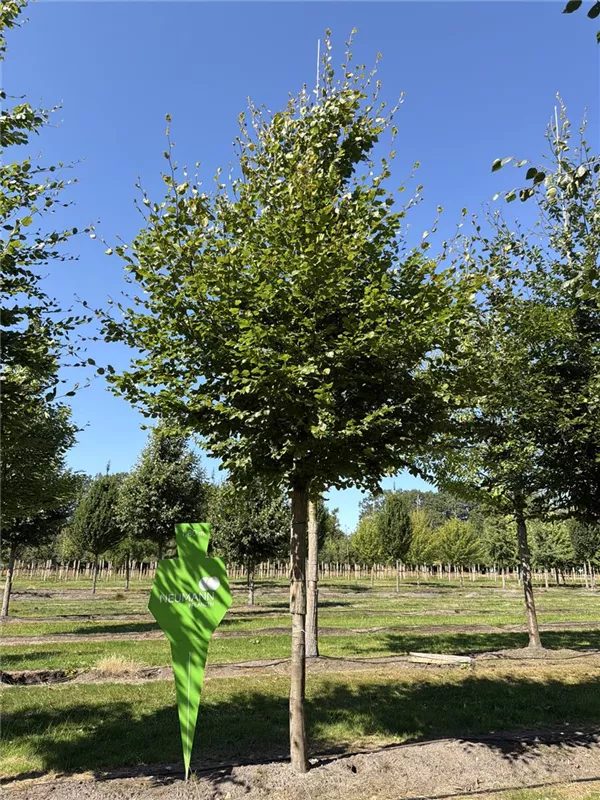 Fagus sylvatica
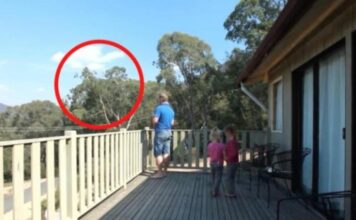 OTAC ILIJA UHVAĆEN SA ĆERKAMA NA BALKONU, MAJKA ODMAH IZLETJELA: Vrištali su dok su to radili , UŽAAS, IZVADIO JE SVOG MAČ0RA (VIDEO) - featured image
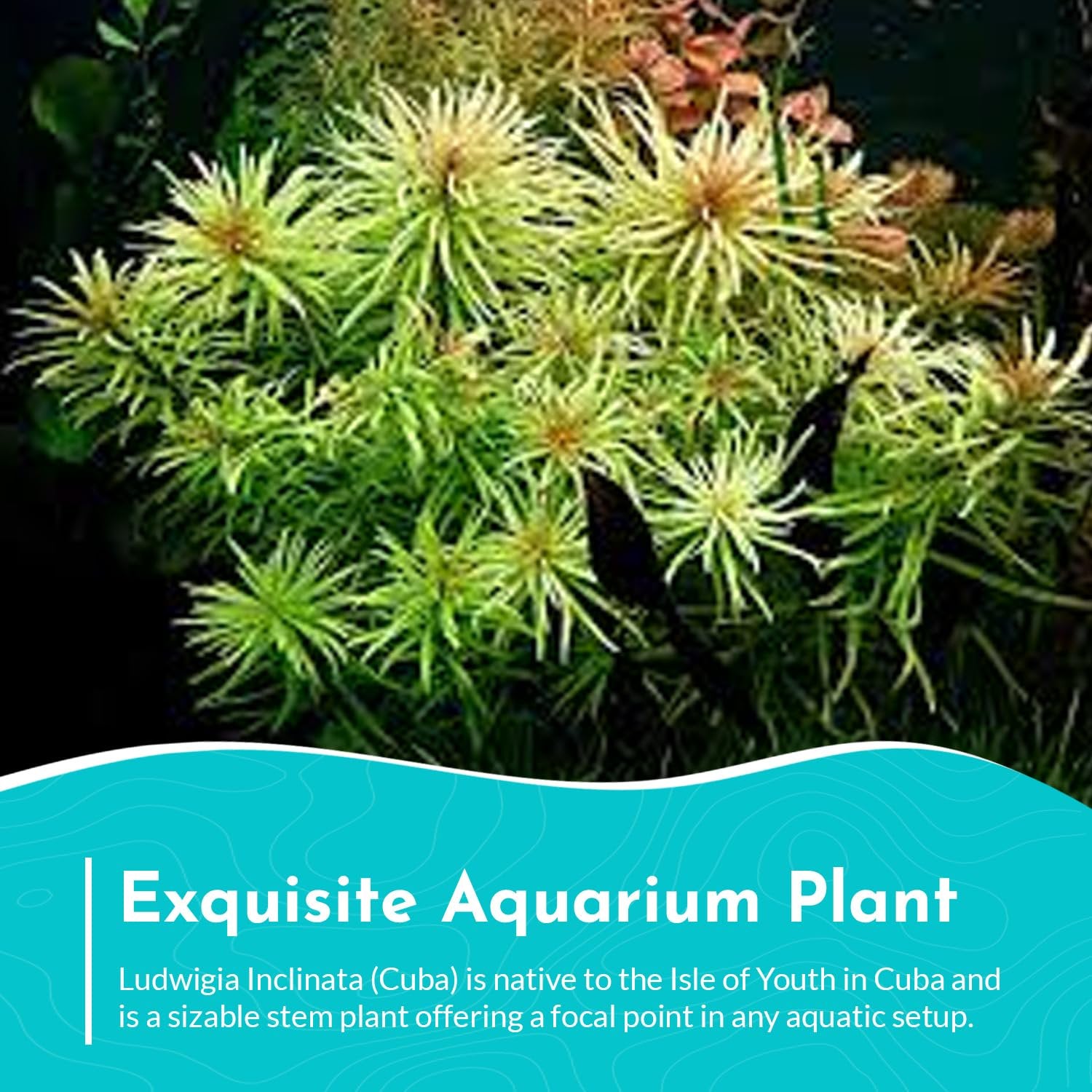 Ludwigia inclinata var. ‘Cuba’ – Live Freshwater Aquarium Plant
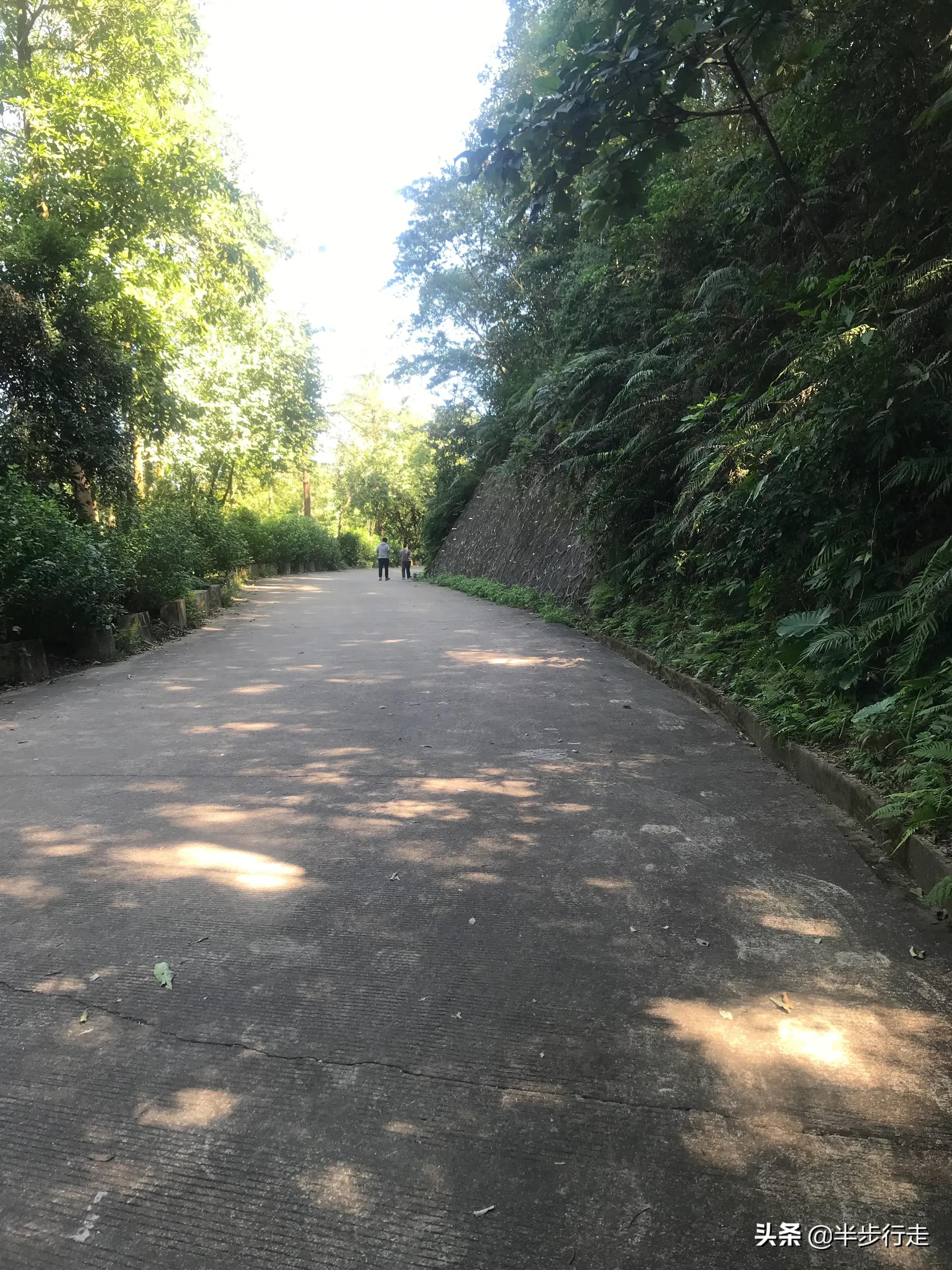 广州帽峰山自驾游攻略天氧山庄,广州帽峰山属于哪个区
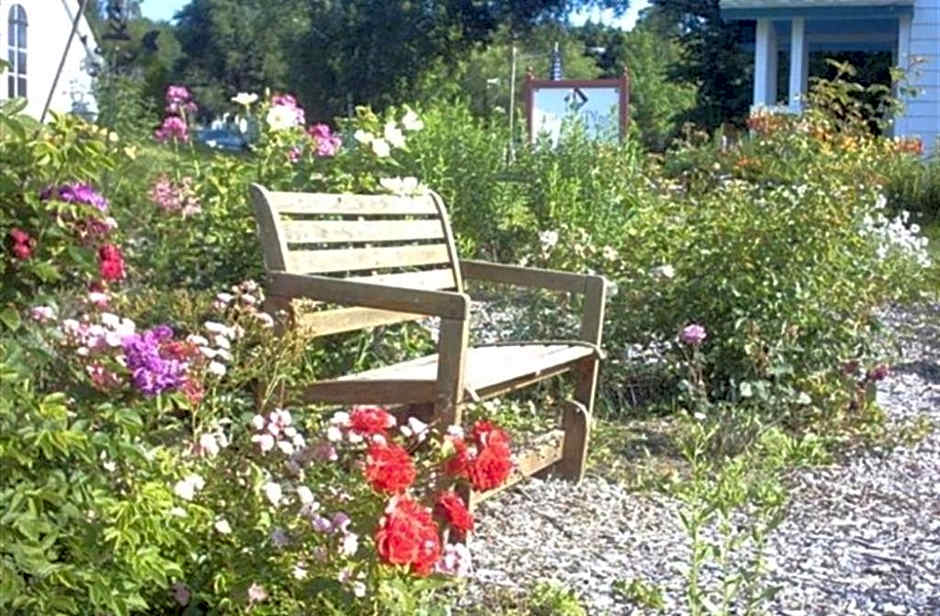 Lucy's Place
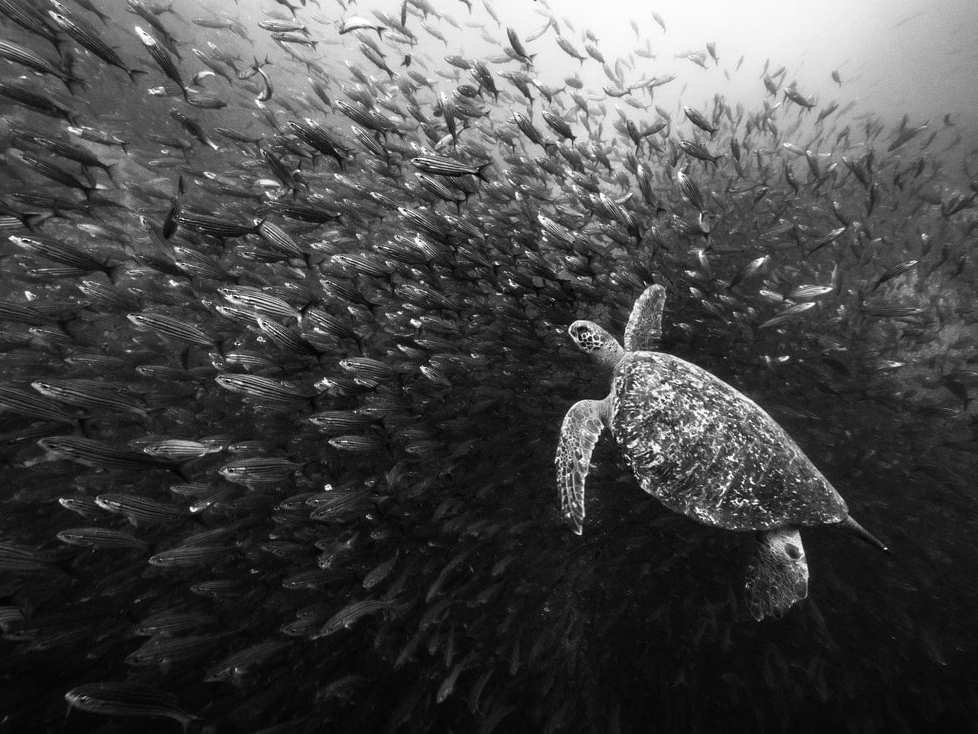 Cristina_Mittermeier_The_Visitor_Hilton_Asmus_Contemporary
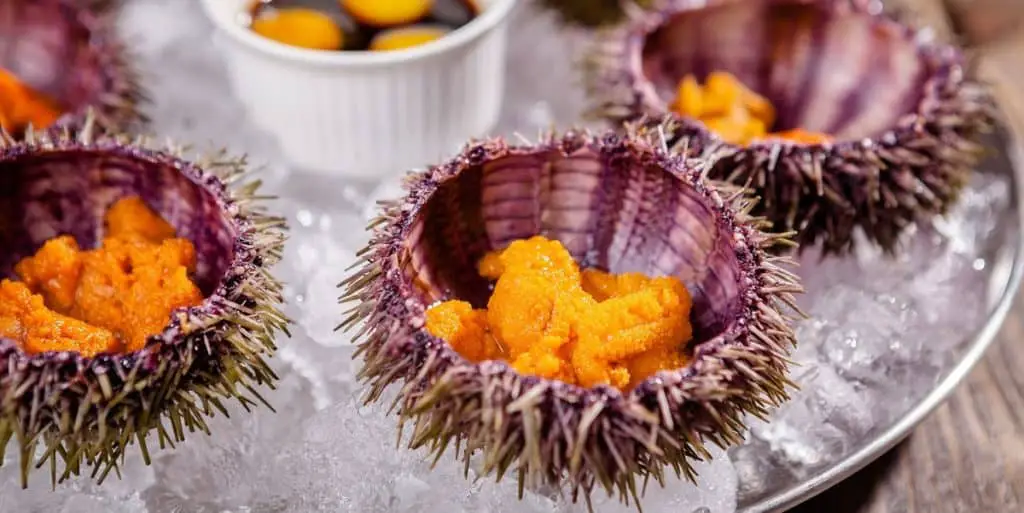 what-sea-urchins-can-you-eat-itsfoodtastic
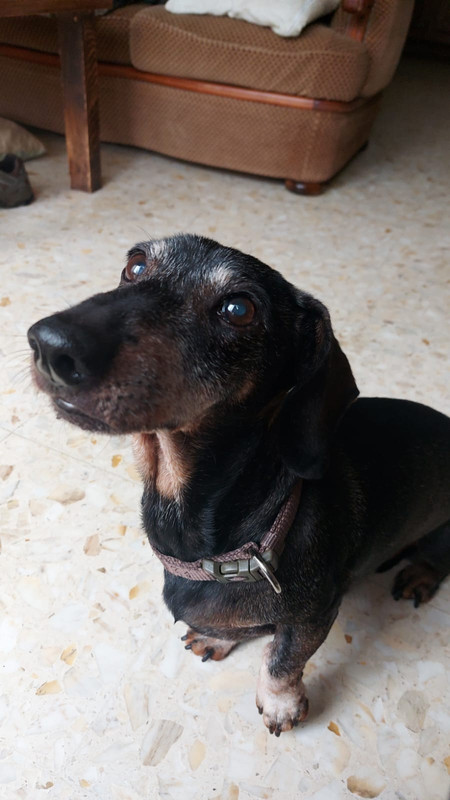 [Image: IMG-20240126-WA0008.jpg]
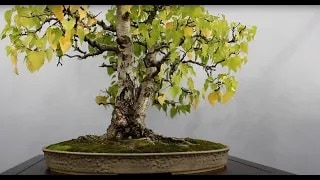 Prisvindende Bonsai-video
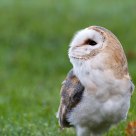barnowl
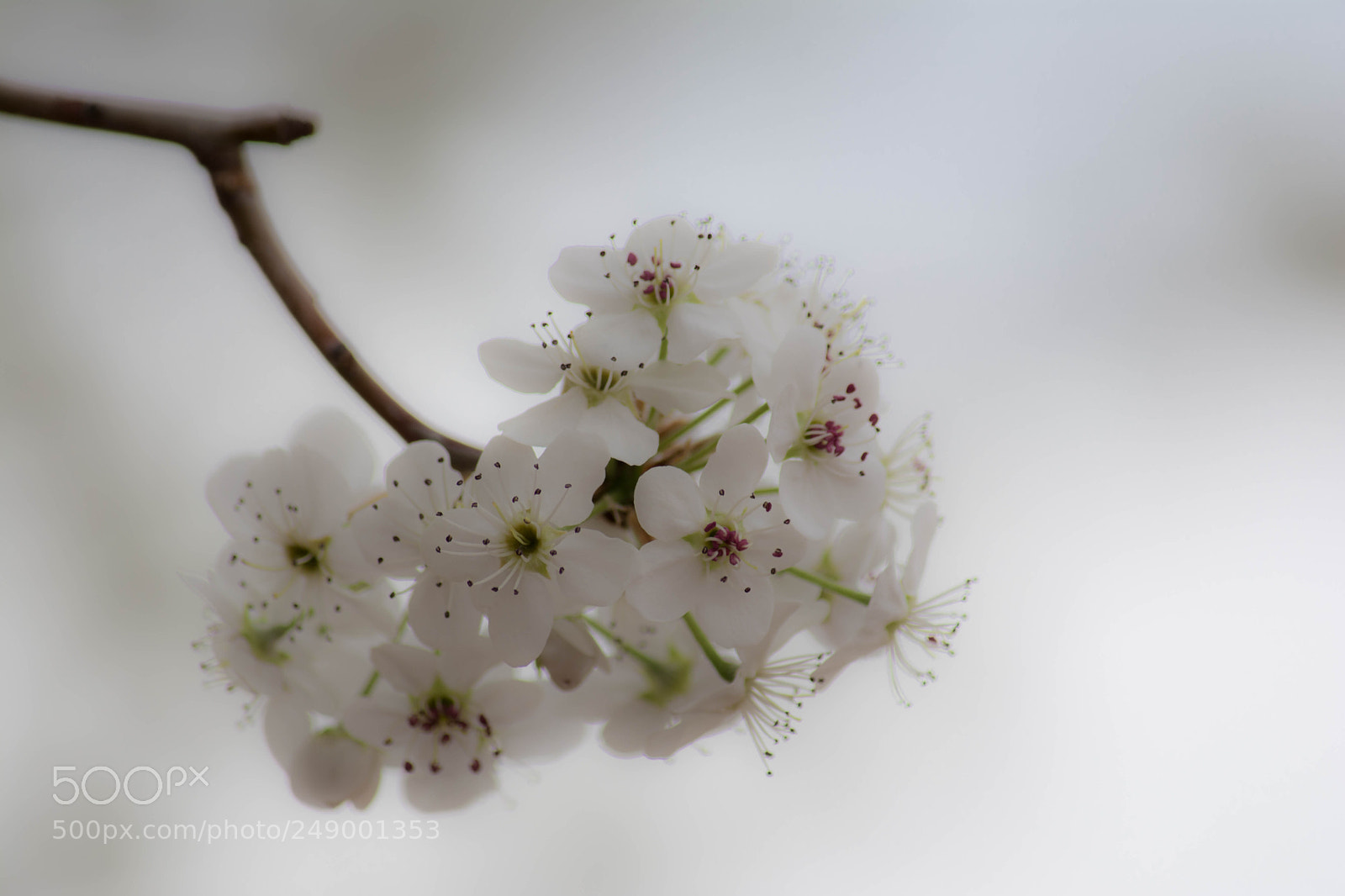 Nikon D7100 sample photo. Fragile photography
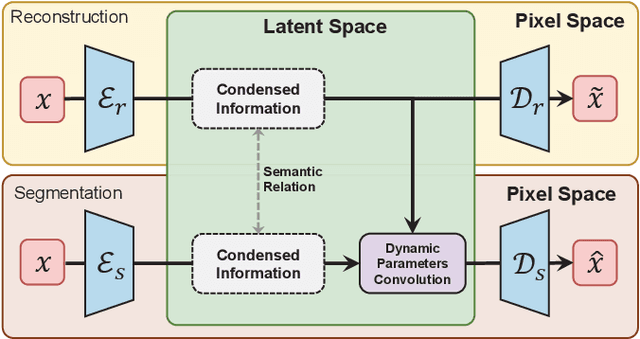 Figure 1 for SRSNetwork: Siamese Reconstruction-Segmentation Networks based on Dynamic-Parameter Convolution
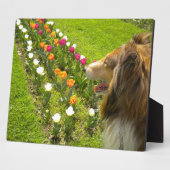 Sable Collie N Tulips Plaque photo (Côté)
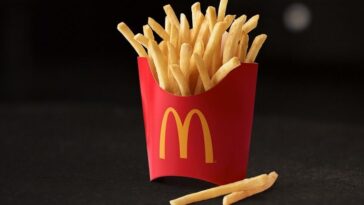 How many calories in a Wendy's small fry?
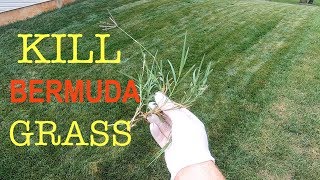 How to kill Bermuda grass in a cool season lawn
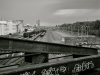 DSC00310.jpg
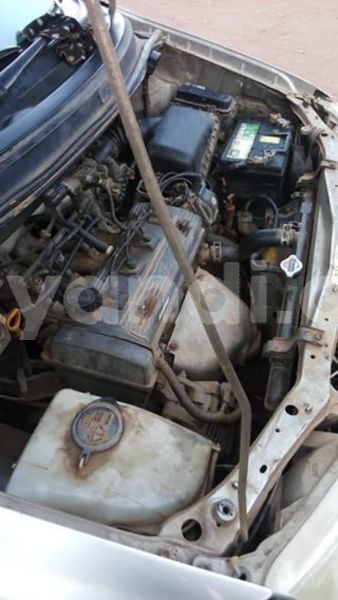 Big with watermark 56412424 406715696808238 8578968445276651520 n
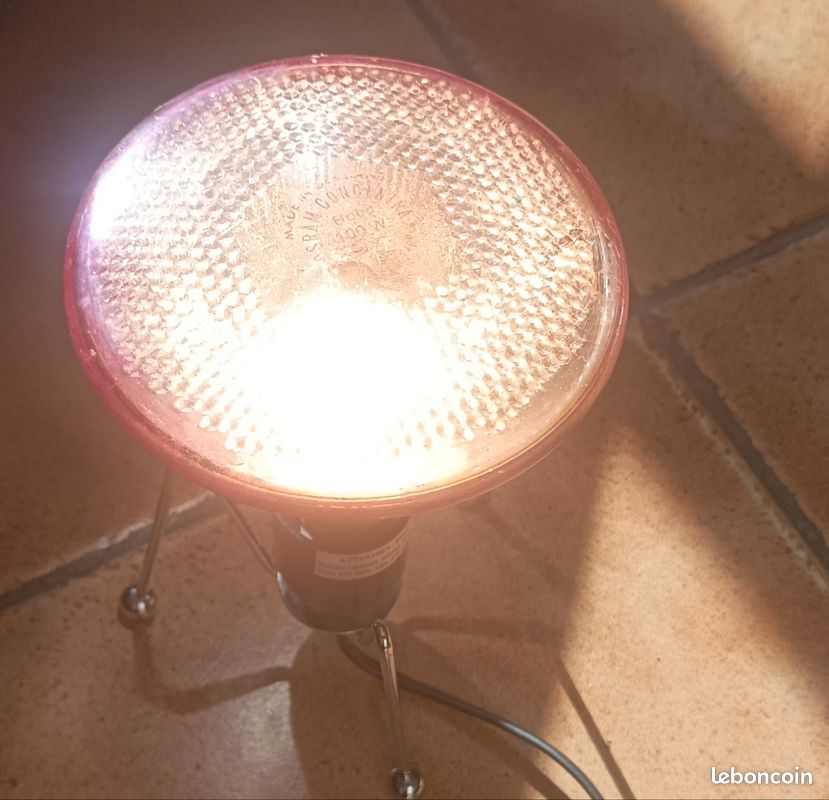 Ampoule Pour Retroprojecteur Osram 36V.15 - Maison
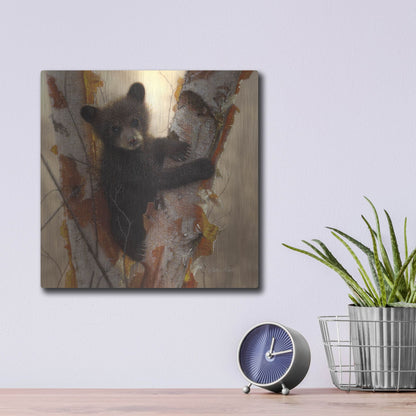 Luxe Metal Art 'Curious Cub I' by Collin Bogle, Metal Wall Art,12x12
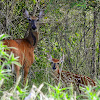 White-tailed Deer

What you will do — Above is the material; set down exactly its lines from the one containing "Nikon D7100 sample" down to the one containing "DSC00310.jpg", both included, leaving out any pictures.

Result of this task —
 Nikon D7100 sample photo. Fragile photography
 Figure 1 for SRSNetwork: Siamese Reconstruction-Segmentation Networks based on Dynamic-Parameter Convolution
 Sable Collie N Tulips Plaque photo (Côté)
 How many calories in a Wendy's small fry?
 How to kill Bermuda grass in a cool season lawn
 DSC00310.jpg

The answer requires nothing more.